Dr. Blank has developed a unique and comprehensive model for teaching reading that is based on six critical skills. Two are physical skills: the visual sequencing skills for reading the fine motor performance for writing and four are language skills: phonology, semantics, syntax and discourse. This model allows reading to be taught to a wide variety of children, including those for whom reading attainment is highly problematic such as non-verbal autistic children.

Her latest book The Reading Remedy and her latest program Phonics Plus Five are designed to make her system easily available to parents so that they may prevent or overcome the reading failure that afflicts about 40% of the school population across the nation.

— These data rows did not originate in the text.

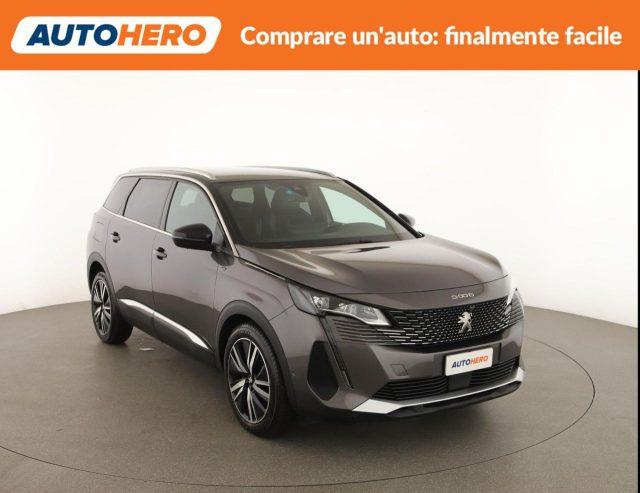 PEUGEOT 5008 BlueHDi 130 S&S EAT8 GT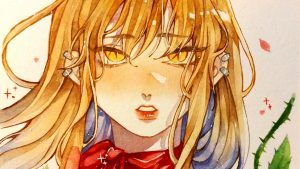 Majo a Yajuu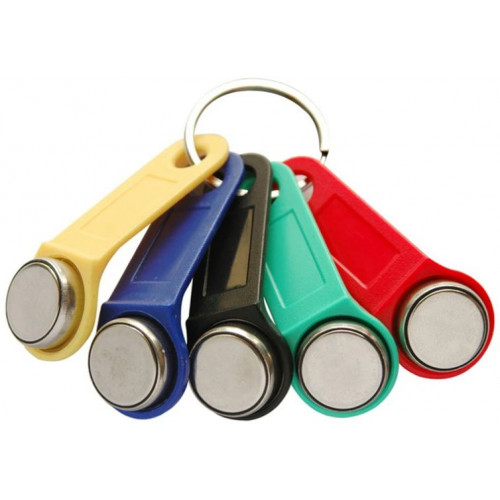 ibutton elektronische sleutel ds1990a ibutton-key 35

Dr. Blank is currently on the faculty of the Department of Child Psychiatry at Columbia University where she is the Director of the A Light on Literacy program. She also operates a private practice in New York and New Jersey where she is a licensed psychologist. Additionally, she serves as a consultant to a wide range of school districts in the tri-state area of New York, New Jersey and Connecticut. She also devotes considerable time and energy to producing books, articles, software programs and tests (including the widely used Preschool Language Assessment Instrument, a test published in both in English and Spanish, that is designed to assess the verbal communication skills of children in the preschool years).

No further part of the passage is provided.